Risk-Adjusted Performance

15 of 100

 
Weak
 
Strong
Good
Compared to the overall equity markets, risk-adjusted returns on investments in Mainstay Sp 500 are ranked lower than 15 (%) of all funds and portfolios of funds over the last 90 days. In spite of fairly weak forward indicators, Mainstay may actually be approaching a critical reversion point that can send shares even higher in January 2025.

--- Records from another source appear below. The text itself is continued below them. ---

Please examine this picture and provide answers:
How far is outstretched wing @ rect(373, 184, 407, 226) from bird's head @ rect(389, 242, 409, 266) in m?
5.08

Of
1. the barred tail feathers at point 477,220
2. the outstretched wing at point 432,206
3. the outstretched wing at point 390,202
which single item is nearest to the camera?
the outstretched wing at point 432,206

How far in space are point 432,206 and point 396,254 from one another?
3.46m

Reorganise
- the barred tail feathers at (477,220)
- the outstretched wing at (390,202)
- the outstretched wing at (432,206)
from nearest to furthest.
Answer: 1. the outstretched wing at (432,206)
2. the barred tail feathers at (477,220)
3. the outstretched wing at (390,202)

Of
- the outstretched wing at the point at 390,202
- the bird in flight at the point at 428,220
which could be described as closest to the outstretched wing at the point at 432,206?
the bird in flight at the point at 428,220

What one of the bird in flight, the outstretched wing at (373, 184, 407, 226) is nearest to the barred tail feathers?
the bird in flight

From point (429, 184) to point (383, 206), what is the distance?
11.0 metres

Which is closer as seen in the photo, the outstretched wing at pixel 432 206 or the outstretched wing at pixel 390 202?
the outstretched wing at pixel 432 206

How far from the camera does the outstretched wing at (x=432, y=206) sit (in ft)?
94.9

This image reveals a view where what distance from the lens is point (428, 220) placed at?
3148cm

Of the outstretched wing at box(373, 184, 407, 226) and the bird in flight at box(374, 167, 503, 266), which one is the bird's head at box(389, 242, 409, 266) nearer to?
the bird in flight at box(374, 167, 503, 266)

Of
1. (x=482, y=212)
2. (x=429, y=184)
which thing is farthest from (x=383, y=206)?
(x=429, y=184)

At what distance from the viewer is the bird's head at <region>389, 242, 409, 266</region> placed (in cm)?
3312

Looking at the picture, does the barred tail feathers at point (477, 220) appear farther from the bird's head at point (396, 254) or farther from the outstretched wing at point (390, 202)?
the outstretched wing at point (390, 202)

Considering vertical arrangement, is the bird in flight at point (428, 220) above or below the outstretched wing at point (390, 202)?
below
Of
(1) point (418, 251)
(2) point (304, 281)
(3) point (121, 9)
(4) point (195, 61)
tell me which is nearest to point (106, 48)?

Mainstay Retirement and Mainstay Volatility Contrast

   Predicted Return Density   
       Returns  

Pair Trading with Mainstay Retirement and Mainstay

The main advantage of trading using opposite Mainstay Retirement and Mainstay positions is that it hedges away some unsystematic risk. Because of two separate transactions, even if Mainstay Retirement position performs unexpectedly, Mainstay can make up some of the losses. Pair trading also minimizes risk from directional movements in the market. For example, if an entire industry or sector drops because of unexpected headlines, the short position in Mainstay will offset losses from the drop in Mainstay's long position.
The idea behind Mainstay Retirement 2050 and Mainstay Sp 500 pairs trading is to make the combined position market-neutral, meaning the overall market's direction will not affect its win or loss (or potential downside or upside). This can be achieved by designing a pairs trade with two highly correlated stocks or equities that operate in a similar space or sector, making it possible to obtain profits through simple and relatively low-risk investment.
Check out your portfolio center.
Note that this page's information should be used as a complementary analysis to find the right mix of equity instruments to add to your existing portfolios or create a brand new portfolio. You can also try the Portfolio Backtesting module to avoid under-diversification and over-optimization by backtesting your portfolios.